Reproduce only this range: the line holding "Incenso Naturale di" through the last line of the data below, both included, exactly, with no pictures.

Saved entries
==*==
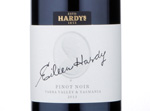 Eileen Hardy Pinot Noir,2013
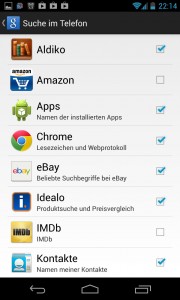 suche 09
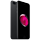 Image with missing alt attribute found on alza.hu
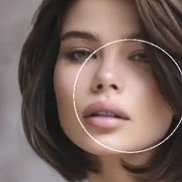 , 40 , 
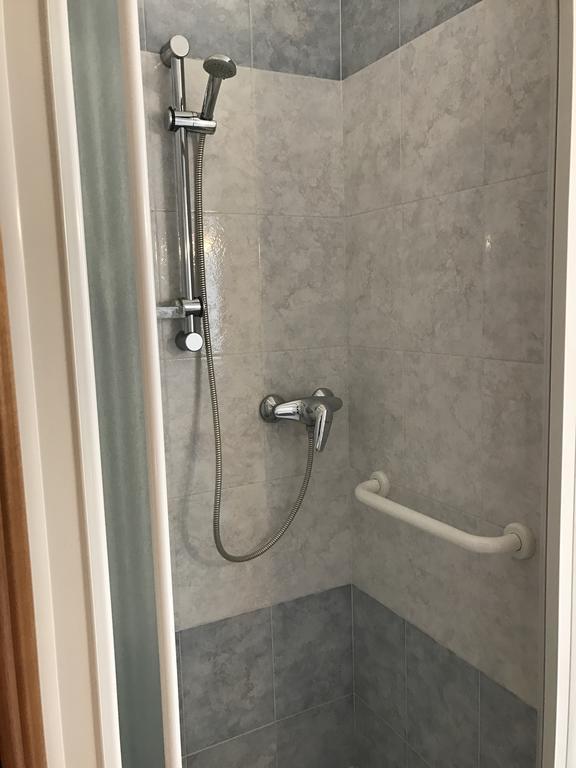 Apartment San Martino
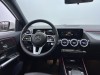 Mercedes-Benz GLA 200 2020
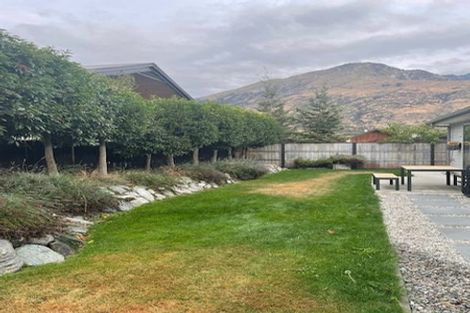 Photo of property in 20 Cumberland Road, Lower Shotover, Queenstown, 9304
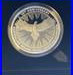 2024 3 oz Proof Australian Silver Wedge Tail Eagle Coin (Box, CoA) 2024 3 oz Proof Australian Silver Wedge Tail Eagle Coin (Box, CoA)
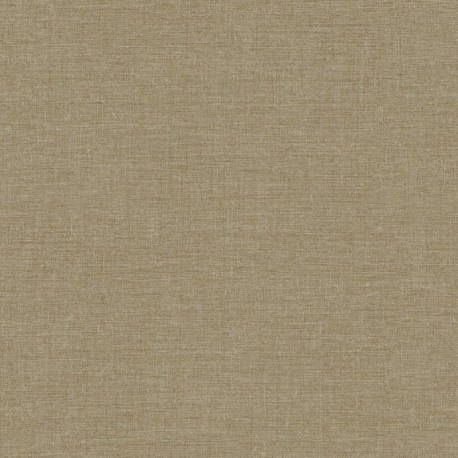 Papier peint ARCHITEXTURE Z57757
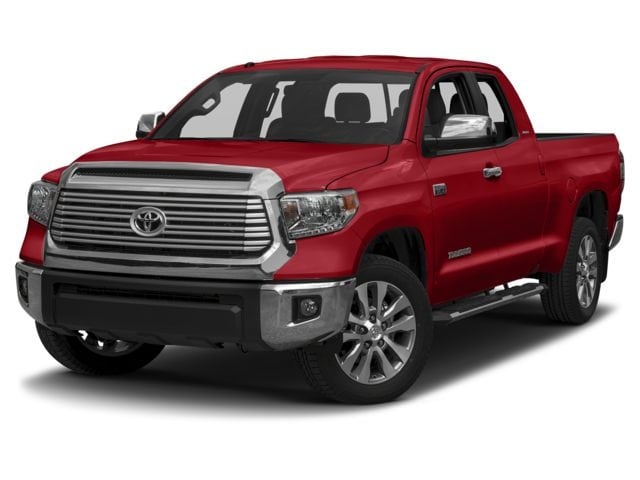 toyota tundra 2016 5TFBY5F14GX567084 image toyota tundra 2016 5TFBY5F14GX567084 image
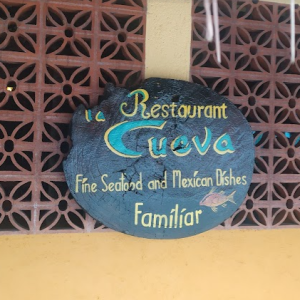 lacueva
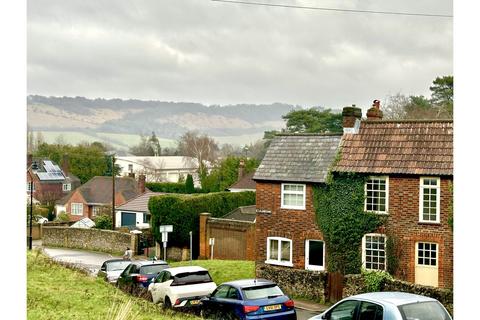 2 bedroom cottage for sale, Cotmandene, Dorking, RH4
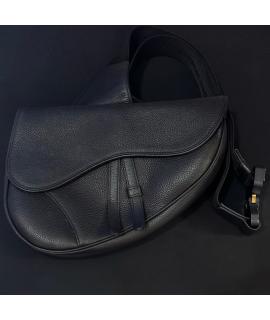 CHRISTIAN DIOR Сумка через плечо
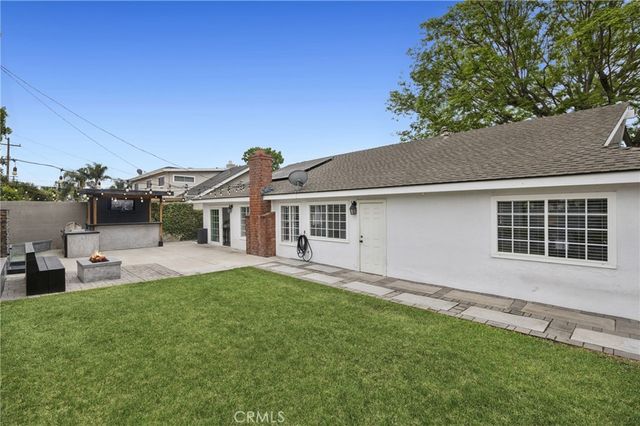 2729 E Dorothy, Orange, CA 92869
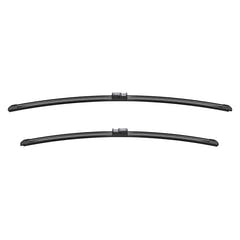 Bosch Aerotwin Flatblade viskerblade sæt A962S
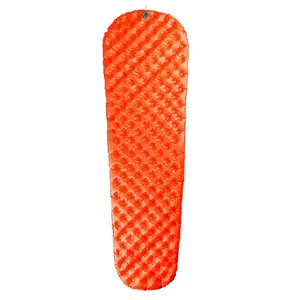 Comparateur de prix : Sea To Summit Ultralight Insulated - Matelas Small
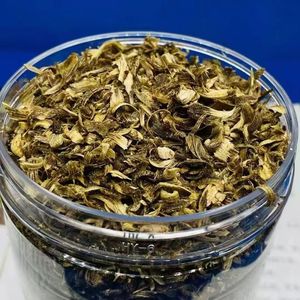 Incenso Naturale di Oud in Bobina Senza Tenere, Economico, Vendita all'Ingrosso - Product Image 4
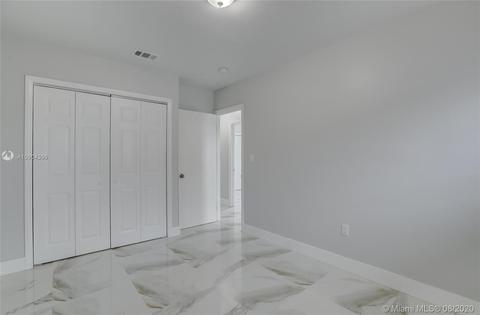780 E 5th St, Hialeah, FL 33010 photo 30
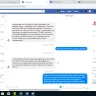 Philippine Long Distance Telephone [PLDT] - request for repair not being addressed but being asked for payment - Photo 2
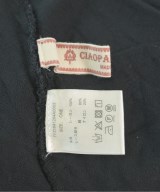 Ciaopanic Typy（チャオパニックティピー）ブラウス 黒 サイズ:ONE レディース/2200703322050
==*==
# Written response
 Incenso Naturale di Oud in Bobina Senza Tenere, Economico, Vendita all'Ingrosso - Product Image 4
780 E 5th St, Hialeah, FL 33010 photo 30
 Philippine Long Distance Telephone [PLDT] - request for repair not being addressed but being asked for payment - Photo 2
 Ciaopanic Typy（チャオパニックティピー）ブラウス 黒 サイズ:ONE レディース/2200703322050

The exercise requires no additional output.